The different artistic and theoretical practices that have been mentioned set possible tactics for highlighting the complexity, uncertainty and ambiguity in EO software. Their interventions and engagements with the data worlds produced by such technologies generate a shift in attention from matters of fact to matters of concern, thus allowing for the response-ability of broader group of people outside the scientific experts and commercial planners currently dominating the field, including people who are subjected to the forms of violence spurred by the currently dominant cosmogram.
And while attempting to repurpose the Globe-imbued logics of EO software for scalable political action without perpetuating its cosmogrammatic insinuations, there is an urgent need to create moments of witnessing the techno-social practices that govern everyday life and to gesture towards anti-colonial, non-extractive forms of relating to Earth which attest to its complex, unknowable assemblage. And for that there is generative potential in the transformative acts of disobedient thinking-with witnessing technologies, the refusal to normalise data processes, the experimentation with non-violent data worlds, or the work through alternative cosmograms.
References
AGI Ansys. 2020. "107,000 Planned Satellites by 2029". Video, 1:11. Available at: https://www.youtube.com/watch?v=oWB7ZySDHg8
Gabrys, Jennifer. 2016. Program Earth. Minneapolis; London: University of Minnesota Press.
Gitelman, Lisa. 2013. "Raw Data" is an Oxymoron. Cambridge, MA: The MIT Press.
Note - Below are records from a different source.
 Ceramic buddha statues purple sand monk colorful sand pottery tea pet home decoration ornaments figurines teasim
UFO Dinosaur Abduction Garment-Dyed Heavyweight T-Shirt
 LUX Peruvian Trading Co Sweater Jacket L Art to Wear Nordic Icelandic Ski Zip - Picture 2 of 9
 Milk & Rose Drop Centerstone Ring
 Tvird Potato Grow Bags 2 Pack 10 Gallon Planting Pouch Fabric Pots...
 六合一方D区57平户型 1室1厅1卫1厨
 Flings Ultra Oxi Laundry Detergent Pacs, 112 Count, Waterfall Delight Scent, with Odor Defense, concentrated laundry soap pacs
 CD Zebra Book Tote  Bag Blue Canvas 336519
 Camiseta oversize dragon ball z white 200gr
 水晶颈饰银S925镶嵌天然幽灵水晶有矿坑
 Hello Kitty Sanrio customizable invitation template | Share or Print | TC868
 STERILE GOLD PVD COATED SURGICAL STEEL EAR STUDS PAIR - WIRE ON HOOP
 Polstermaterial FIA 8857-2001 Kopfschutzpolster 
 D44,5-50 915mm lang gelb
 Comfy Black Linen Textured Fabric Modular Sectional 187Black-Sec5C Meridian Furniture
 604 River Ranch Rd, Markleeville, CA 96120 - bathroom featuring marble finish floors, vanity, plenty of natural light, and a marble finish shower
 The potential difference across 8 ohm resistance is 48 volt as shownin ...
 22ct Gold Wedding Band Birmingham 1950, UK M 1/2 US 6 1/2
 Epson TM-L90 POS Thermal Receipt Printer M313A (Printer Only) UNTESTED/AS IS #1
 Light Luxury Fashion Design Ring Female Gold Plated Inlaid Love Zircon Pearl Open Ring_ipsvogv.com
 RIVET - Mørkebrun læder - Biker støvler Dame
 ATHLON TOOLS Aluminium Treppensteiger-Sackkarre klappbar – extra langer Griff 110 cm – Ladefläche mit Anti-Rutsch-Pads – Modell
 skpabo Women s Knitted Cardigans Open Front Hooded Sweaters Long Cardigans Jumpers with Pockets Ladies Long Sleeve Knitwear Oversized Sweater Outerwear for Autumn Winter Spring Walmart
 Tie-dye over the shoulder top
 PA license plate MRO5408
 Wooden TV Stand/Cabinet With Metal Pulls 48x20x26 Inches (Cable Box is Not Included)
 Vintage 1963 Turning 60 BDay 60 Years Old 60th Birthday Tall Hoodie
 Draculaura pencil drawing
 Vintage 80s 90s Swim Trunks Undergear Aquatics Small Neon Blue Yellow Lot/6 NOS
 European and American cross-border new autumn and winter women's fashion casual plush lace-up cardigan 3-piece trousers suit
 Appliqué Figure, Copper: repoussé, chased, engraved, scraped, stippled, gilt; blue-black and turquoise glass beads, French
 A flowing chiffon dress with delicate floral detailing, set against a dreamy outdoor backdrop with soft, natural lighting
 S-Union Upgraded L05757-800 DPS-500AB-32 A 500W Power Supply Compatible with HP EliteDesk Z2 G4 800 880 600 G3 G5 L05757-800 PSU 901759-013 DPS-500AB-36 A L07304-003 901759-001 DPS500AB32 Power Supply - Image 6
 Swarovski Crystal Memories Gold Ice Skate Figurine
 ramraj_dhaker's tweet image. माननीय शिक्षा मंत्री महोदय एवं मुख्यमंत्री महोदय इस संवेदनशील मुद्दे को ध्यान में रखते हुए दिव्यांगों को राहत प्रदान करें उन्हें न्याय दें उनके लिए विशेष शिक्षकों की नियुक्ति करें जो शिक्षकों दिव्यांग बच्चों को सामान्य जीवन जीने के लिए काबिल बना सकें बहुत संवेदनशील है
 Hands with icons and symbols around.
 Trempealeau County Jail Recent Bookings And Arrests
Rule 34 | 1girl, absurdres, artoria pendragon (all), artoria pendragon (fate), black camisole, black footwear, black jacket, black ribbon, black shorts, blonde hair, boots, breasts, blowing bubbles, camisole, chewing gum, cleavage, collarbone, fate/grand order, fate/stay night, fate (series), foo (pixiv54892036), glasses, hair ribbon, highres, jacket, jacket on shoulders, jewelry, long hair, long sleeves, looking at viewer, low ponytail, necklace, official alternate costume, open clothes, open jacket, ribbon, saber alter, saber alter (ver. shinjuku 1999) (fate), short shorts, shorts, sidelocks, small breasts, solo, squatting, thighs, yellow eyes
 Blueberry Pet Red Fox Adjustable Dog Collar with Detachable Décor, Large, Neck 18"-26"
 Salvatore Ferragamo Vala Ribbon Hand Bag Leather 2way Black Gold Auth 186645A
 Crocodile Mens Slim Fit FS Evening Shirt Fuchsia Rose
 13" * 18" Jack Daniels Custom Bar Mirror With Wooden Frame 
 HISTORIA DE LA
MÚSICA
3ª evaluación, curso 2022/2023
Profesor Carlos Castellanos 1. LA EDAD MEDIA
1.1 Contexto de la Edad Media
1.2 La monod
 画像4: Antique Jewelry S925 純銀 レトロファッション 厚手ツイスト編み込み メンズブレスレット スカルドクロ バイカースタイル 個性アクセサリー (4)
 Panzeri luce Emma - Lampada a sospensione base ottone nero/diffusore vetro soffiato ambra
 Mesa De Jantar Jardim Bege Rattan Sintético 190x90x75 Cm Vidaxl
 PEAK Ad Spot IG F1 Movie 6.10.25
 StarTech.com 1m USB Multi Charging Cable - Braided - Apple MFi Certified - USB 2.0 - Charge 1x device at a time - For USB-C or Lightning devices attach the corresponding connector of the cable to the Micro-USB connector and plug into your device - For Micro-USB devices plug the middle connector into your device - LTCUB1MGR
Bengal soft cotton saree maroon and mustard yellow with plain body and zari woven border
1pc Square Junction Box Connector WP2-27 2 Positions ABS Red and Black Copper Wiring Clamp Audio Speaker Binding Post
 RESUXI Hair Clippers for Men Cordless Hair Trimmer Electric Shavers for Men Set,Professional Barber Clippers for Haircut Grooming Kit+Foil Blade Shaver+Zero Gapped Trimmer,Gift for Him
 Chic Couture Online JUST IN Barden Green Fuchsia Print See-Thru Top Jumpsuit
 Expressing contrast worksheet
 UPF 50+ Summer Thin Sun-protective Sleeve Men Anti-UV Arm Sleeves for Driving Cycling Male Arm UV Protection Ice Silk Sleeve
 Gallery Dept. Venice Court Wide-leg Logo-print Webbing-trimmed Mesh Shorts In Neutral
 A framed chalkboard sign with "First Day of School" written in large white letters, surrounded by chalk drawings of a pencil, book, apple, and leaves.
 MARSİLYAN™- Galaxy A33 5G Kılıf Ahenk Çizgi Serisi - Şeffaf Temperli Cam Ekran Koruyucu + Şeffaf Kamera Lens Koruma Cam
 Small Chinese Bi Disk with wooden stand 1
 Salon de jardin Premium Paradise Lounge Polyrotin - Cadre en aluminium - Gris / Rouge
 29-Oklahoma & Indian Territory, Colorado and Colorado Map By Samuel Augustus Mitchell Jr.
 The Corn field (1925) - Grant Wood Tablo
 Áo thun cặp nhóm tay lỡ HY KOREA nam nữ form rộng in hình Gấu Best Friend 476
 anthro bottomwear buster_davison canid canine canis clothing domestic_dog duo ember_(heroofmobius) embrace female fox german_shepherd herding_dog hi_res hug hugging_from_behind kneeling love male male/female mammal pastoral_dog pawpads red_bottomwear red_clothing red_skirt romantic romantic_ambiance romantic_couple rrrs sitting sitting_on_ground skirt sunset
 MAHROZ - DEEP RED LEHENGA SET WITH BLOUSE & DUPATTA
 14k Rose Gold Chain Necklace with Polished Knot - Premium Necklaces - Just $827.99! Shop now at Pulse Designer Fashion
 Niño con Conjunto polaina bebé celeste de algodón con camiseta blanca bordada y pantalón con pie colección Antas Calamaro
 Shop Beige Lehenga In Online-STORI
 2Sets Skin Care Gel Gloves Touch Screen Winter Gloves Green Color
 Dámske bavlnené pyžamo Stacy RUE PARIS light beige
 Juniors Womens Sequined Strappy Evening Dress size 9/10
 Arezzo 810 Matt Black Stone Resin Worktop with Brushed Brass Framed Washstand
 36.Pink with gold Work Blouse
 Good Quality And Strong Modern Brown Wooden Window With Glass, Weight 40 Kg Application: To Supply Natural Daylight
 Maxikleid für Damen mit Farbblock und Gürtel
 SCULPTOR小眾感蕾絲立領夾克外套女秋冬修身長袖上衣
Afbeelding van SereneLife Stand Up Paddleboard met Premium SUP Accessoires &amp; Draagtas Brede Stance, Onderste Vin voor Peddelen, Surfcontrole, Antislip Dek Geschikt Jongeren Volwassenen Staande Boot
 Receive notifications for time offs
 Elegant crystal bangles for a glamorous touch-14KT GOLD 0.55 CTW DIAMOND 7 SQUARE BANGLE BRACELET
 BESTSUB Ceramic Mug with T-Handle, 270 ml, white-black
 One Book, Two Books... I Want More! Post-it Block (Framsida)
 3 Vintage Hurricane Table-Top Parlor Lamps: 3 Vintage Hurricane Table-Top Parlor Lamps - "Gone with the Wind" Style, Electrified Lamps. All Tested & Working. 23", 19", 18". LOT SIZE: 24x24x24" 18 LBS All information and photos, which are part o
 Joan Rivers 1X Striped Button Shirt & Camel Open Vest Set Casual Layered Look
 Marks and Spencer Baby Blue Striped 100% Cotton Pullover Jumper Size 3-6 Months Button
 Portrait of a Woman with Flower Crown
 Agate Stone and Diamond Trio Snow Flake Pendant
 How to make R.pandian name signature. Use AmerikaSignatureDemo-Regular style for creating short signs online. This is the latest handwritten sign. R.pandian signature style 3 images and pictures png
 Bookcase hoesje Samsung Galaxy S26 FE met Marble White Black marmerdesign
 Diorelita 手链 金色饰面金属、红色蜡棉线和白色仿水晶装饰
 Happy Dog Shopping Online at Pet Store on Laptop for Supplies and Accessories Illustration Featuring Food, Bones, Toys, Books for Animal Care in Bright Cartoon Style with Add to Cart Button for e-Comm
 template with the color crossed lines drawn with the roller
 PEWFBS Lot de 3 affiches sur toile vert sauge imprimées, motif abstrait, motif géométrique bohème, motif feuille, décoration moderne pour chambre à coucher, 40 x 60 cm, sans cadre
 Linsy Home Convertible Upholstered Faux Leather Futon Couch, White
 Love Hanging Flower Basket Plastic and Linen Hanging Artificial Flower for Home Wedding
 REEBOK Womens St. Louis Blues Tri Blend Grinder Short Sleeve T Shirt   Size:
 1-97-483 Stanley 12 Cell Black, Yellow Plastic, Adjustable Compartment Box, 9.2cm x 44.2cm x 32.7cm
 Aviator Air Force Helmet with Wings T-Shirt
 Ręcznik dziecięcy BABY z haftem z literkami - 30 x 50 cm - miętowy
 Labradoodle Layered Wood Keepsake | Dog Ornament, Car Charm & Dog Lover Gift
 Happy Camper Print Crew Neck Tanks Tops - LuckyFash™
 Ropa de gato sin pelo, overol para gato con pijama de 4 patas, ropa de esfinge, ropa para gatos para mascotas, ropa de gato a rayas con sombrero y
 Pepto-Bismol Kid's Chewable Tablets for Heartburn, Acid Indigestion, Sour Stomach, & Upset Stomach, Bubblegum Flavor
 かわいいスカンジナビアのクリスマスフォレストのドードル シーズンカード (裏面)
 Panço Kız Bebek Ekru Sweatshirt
Gray, Jonathan. 2018. Three Aspects of Data Worlds. Krisis: Journal for Contemporary Philosophy. Available at: https://archive.krisis.eu/three-aspects-of-data-worlds/
Gürses, Seda, and Dobbe, Roel. 2020. "Seminar on Programmable Infrastructures". Available at: https://www.tudelft.nl/tbm/programmable-infrastructures
Likavčan, Lukáš. 2019. Introduction to Comparative Planetology. London; Moscow: Strelka Press.
Likavčan, Lukáš. 2020. "Vertical Atlas - world.orbit". Video, 53:25. Available at: https://vimeo.com/event/409139/videos/476293641/
Pritchard, Helen; Rocha, Jara and Snelting, Femke. 2021. "We Have Always Been Geohackers". In: Annike Haas; Maximilian Haas; Hanna Magauer and Dennis Pohl, eds. How to Relate: Knowledges, Arts, Practices. Münich: Wilhelm Fink Verlag.
Schuppli, Susan. 2020. Material Witness: Media, Forensics, Evidence. Cambridge, MA: The MIT Press.